Work to complete » Write out the full set of records exactly. Any pictures in them do not belong in the copy.

Data for the task »

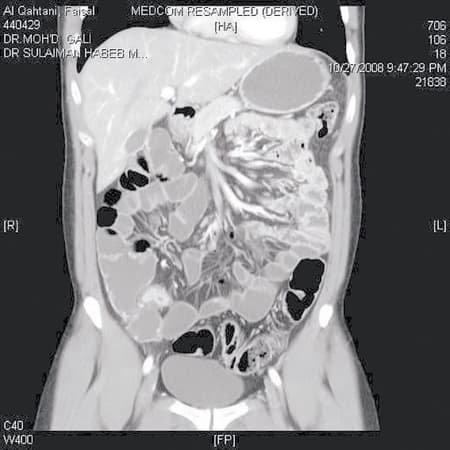 جهاز CARDIAC CT – SCAN يكتشف الجلطات الرئوية والقلبية مبكرا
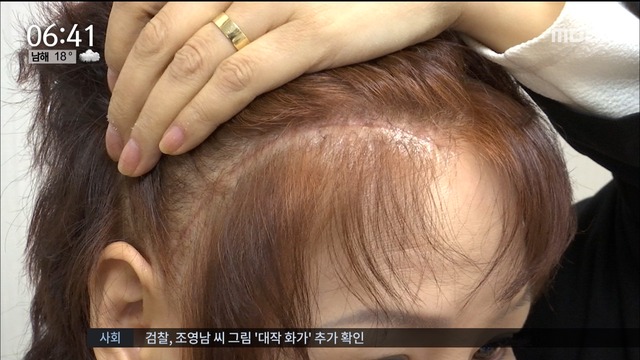 아이에게 물대포를 쏜 한강 제트스키가 날아간 아이의 머리 수술을 받았다 2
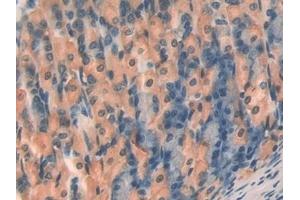 Detection of TBG in Mouse Stomach Tissue using Polyclonal Antibody to Thyroxine Binding Globulin (TBG)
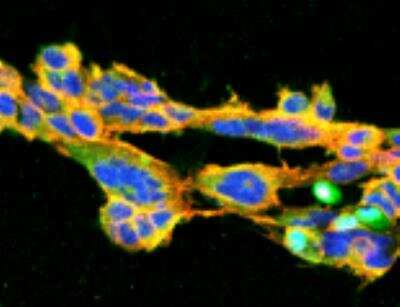 Immunocytochemistry/ Immunofluorescence: 7-Ketocholesterol Antibody (7E1) [NBP2-59356]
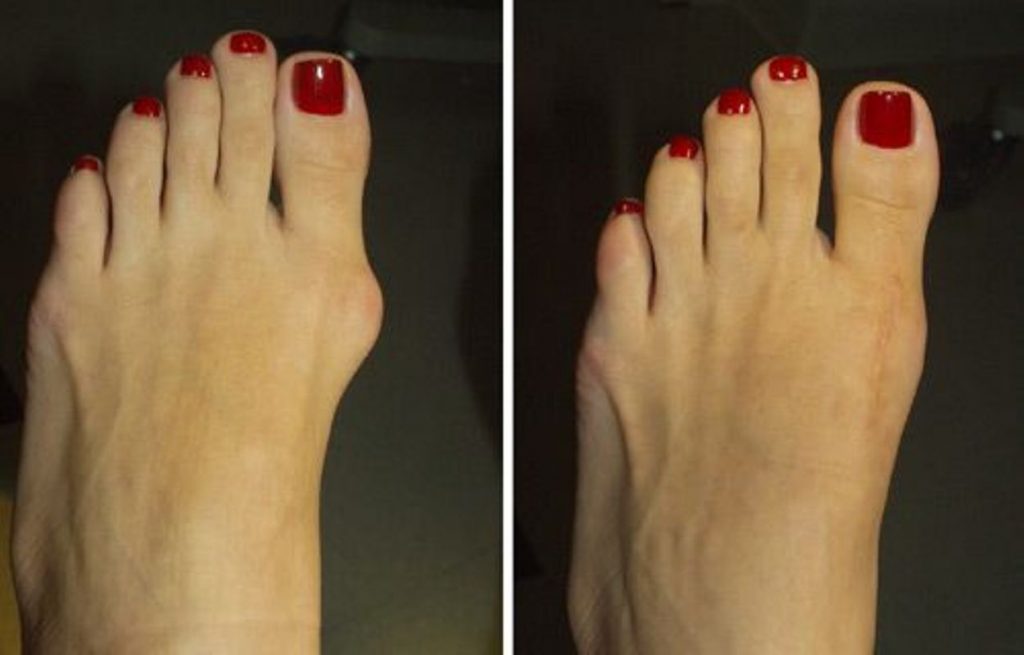 7 возможных причин боли косточки на ноге, около большого пальца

Worked solution »
 جهاز CARDIAC CT – SCAN يكتشف الجلطات الرئوية والقلبية مبكرا
 아이에게 물대포를 쏜 한강 제트스키가 날아간 아이의 머리 수술을 받았다 2
 Detection of TBG in Mouse Stomach Tissue using Polyclonal Antibody to Thyroxine Binding Globulin (TBG)
 Immunocytochemistry/ Immunofluorescence: 7-Ketocholesterol Antibody (7E1) [NBP2-59356]
 7 возможных причин боли косточки на ноге, около большого пальца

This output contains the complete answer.